■ What is expected
Everything in the records must be restated exactly, apart from the pictures.

[Exercise inputs Boundary: Start]

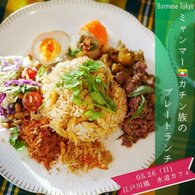 ミャンマー【カチン族】のプレートランチ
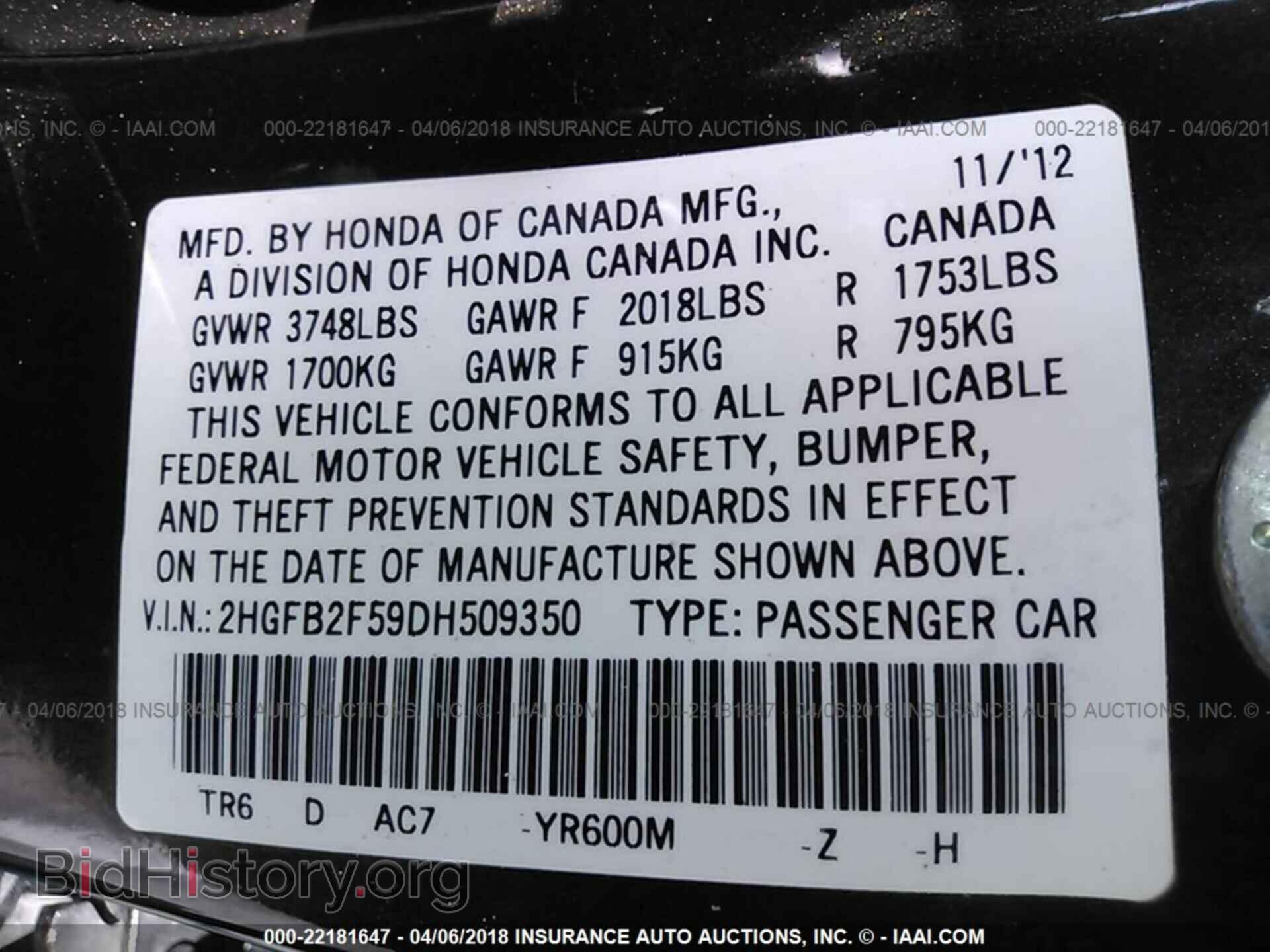 2013 Honda Civic - VIN: 2HGFB2F59DH509350 - Фото 9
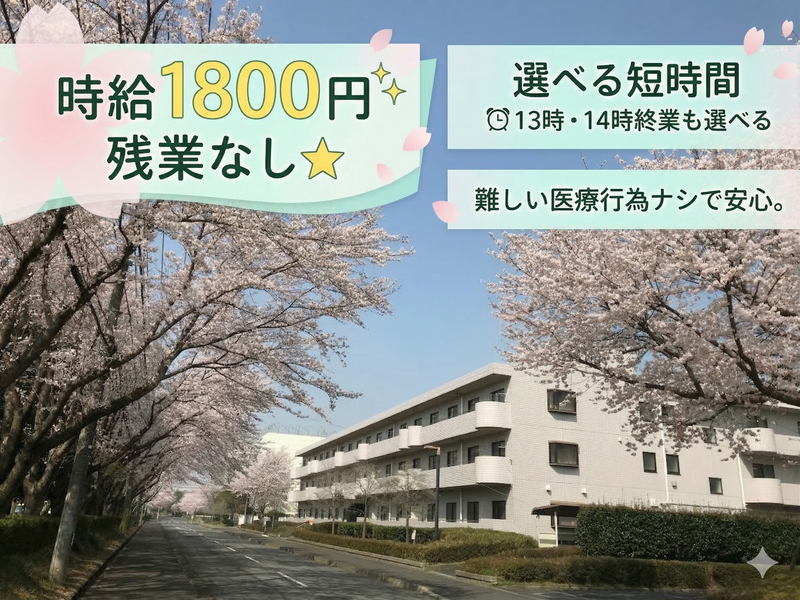 住宅型有料老人ホーム　トワイライトのアルバイト・バイト求人情報-02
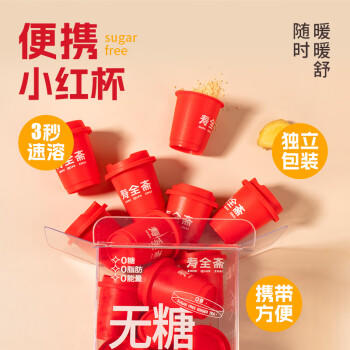 寿全斋红糖姜茶大姨妈可喝生姜糖茶可配姜枣茶独立小包装年货礼12g*10条 商品图6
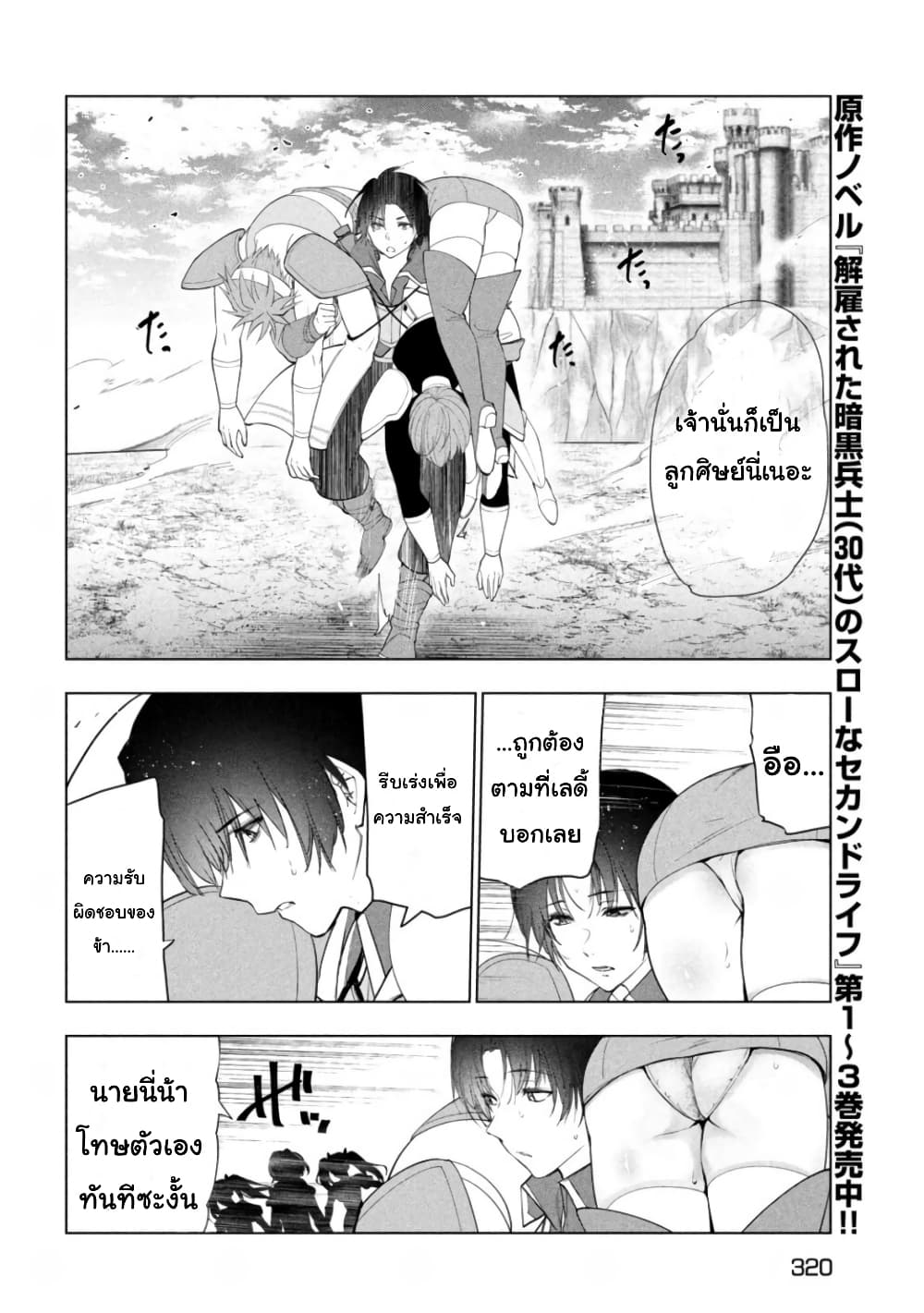 Kaiko sareta Ankoku Heishi (30-dai) no Slow na Second Life page 10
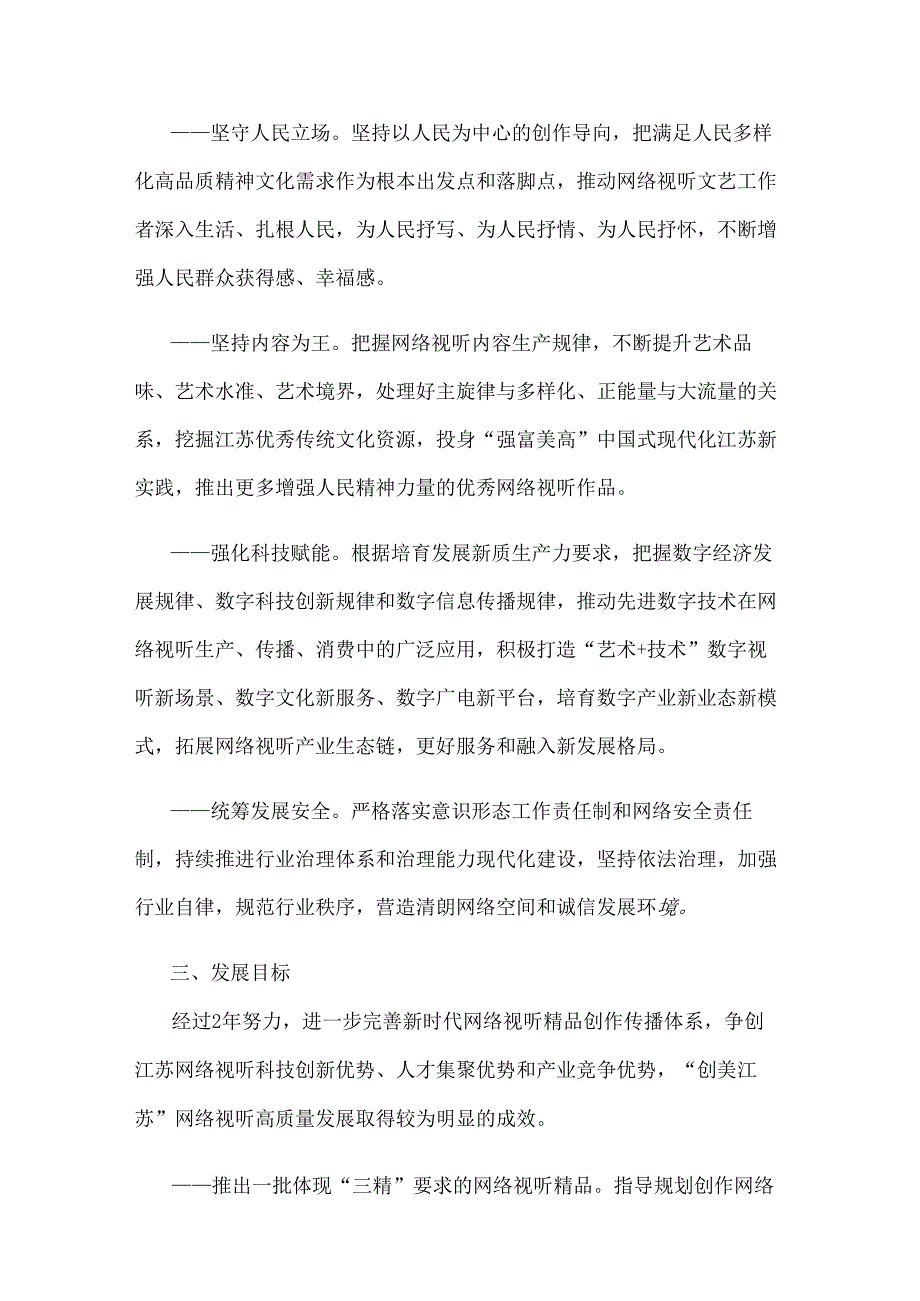 “创美江苏”网络视听高质量发展行动计划（20242025）.docx_第2页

[Exercise inputs Boundary: End]

■ Written solution
 ミャンマー【カチン族】のプレートランチ
 2013 Honda Civic - VIN: 2HGFB2F59DH509350 - Фото 9
 住宅型有料老人ホーム　トワイライトのアルバイト・バイト求人情報-02
 寿全斋红糖姜茶大姨妈可喝生姜糖茶可配姜枣茶独立小包装年货礼12g*10条 商品图6
 Kaiko sareta Ankoku Heishi (30-dai) no Slow na Second Life page 10
 “创美江苏”网络视听高质量发展行动计划（20242025）.docx_第2页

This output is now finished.